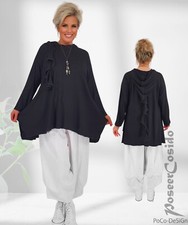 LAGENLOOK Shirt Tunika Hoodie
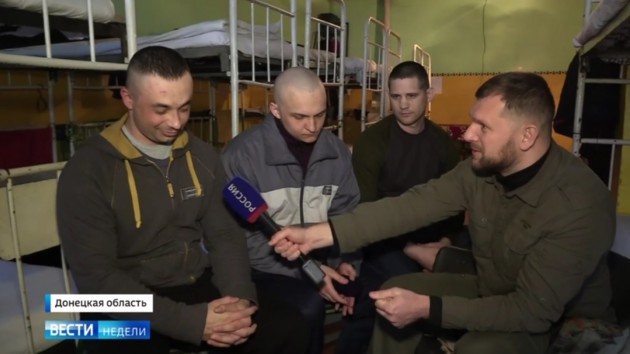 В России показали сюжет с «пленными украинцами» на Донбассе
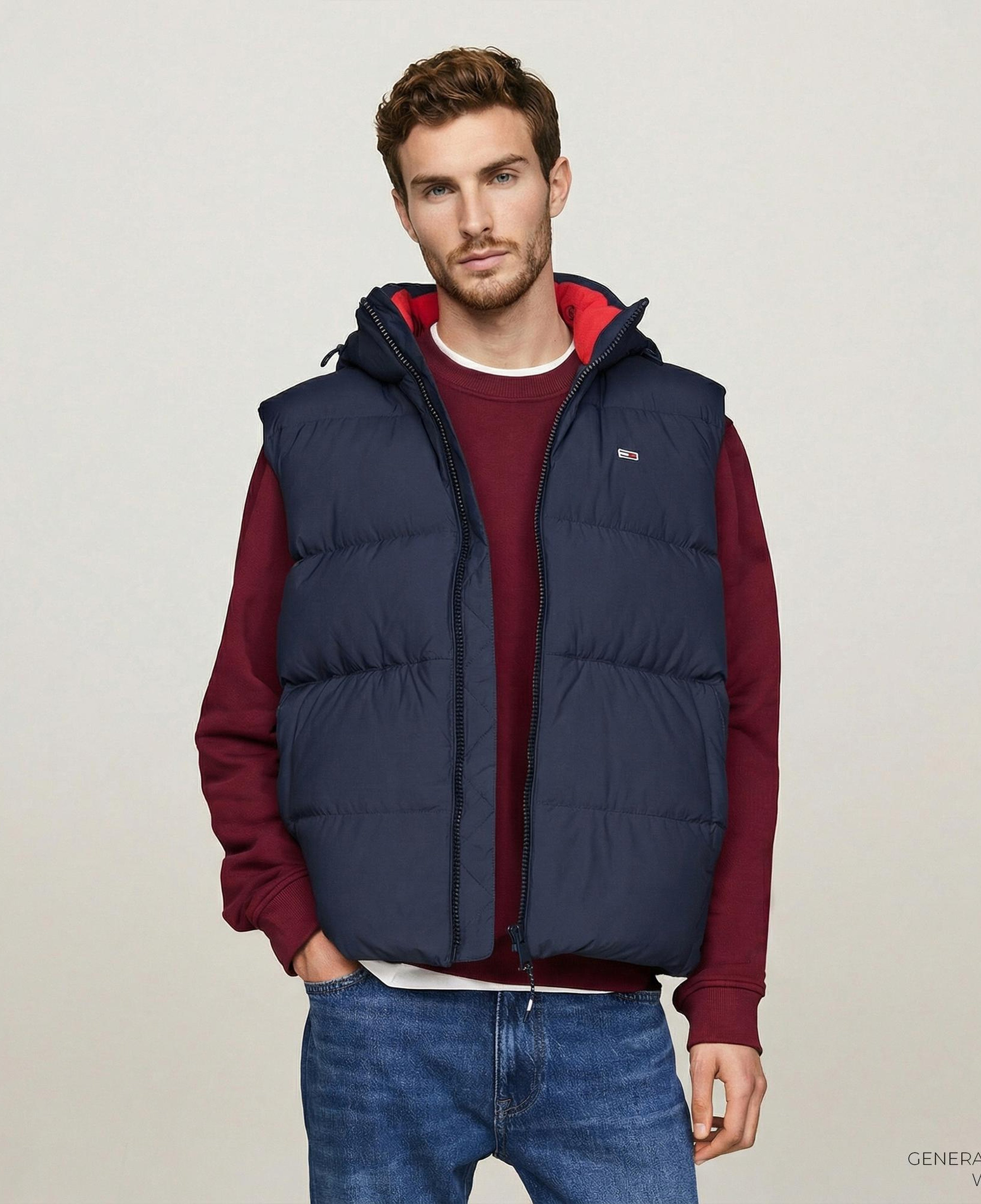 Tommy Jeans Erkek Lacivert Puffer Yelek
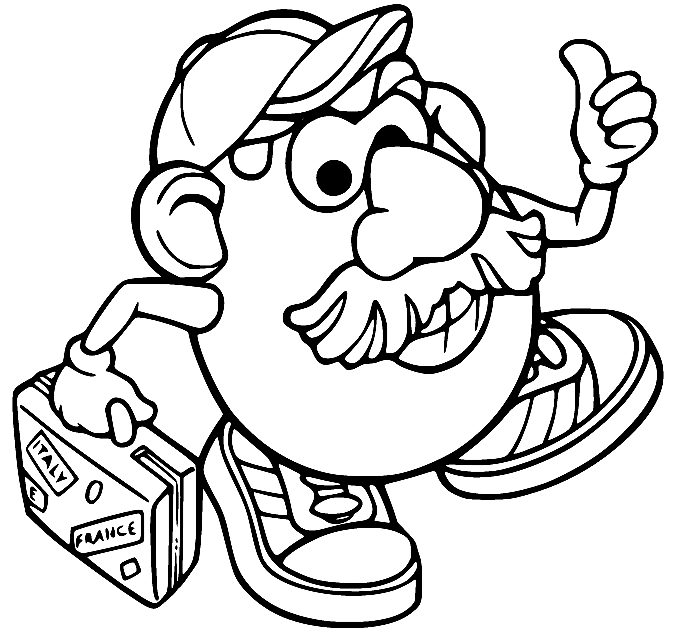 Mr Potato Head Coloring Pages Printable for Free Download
==
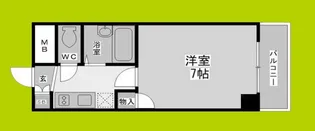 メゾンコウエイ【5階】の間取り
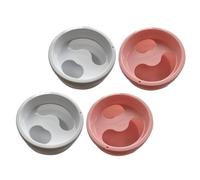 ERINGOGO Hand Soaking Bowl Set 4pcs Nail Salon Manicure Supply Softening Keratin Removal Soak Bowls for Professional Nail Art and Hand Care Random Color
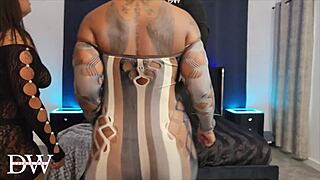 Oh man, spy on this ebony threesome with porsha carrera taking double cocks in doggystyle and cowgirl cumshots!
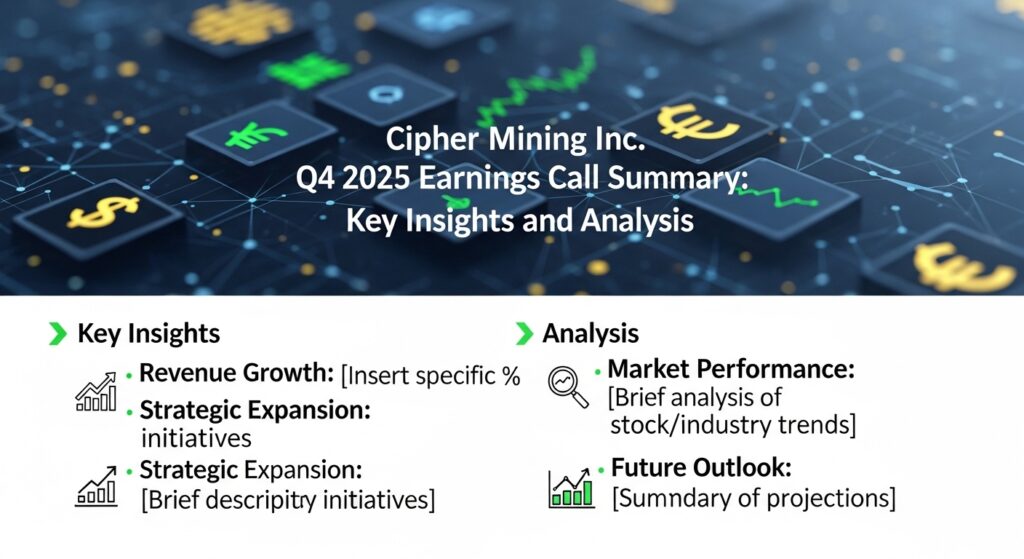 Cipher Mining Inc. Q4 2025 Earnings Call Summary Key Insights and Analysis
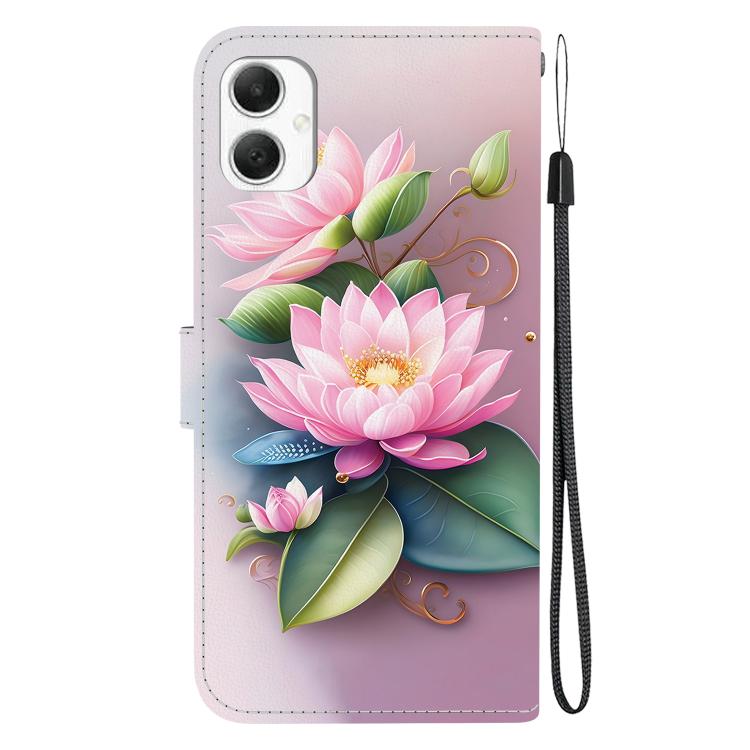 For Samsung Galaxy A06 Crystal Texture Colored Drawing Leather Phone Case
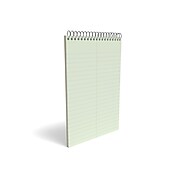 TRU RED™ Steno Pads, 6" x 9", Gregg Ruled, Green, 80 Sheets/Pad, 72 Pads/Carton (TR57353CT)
---
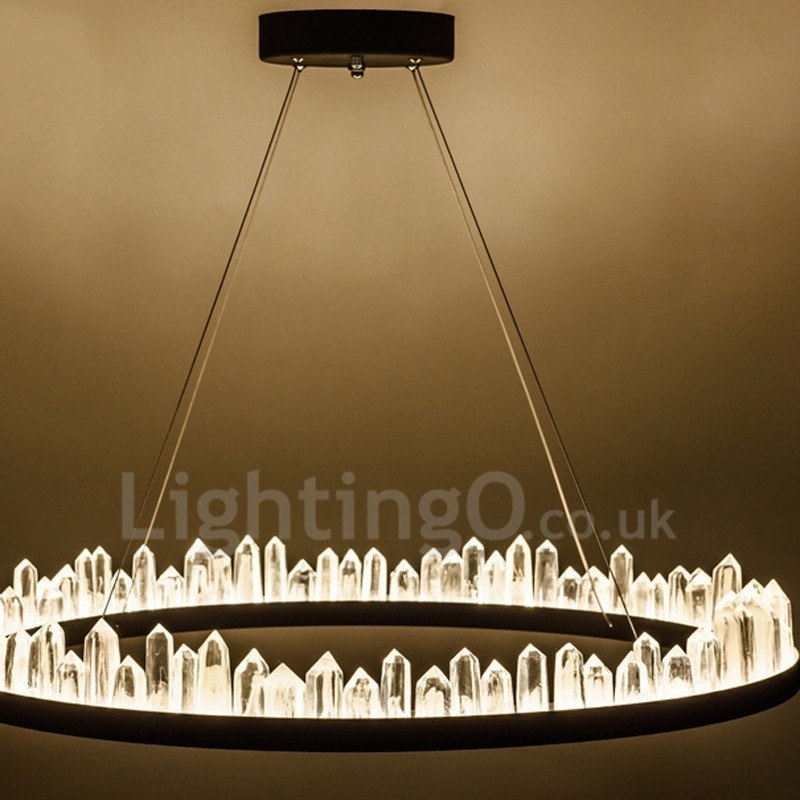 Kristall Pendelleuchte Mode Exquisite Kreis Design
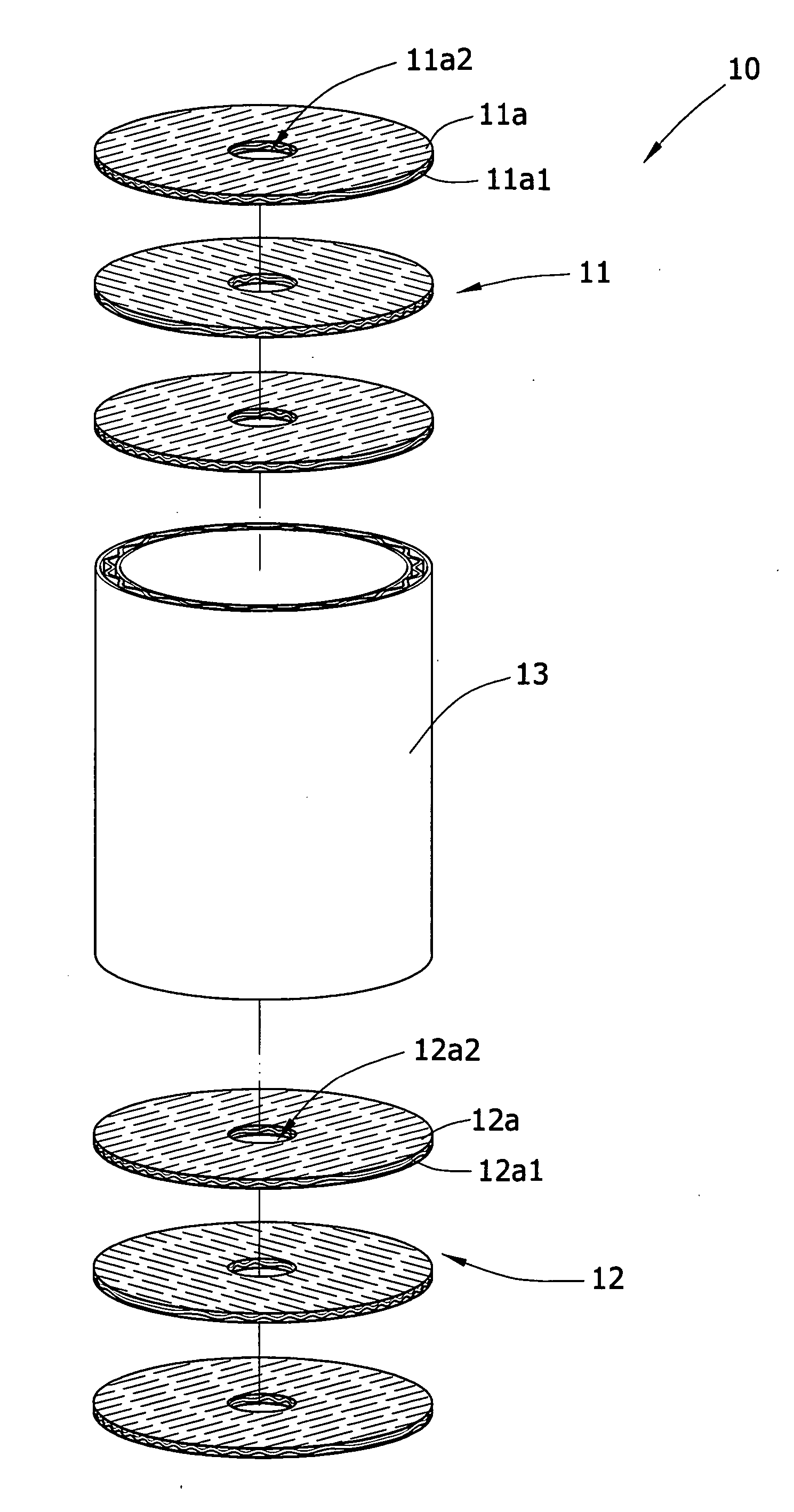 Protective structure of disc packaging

• _Problem details_: With the pictures omitted, print the lines above exactly, beginning at the line with "В России показали" and going on through the line with "Mr Potato Head".

• _Response to this task_:
 В России показали сюжет с «пленными украинцами» на Донбассе
 Tommy Jeans Erkek Lacivert Puffer Yelek
 Mr Potato Head Coloring Pages Printable for Free Download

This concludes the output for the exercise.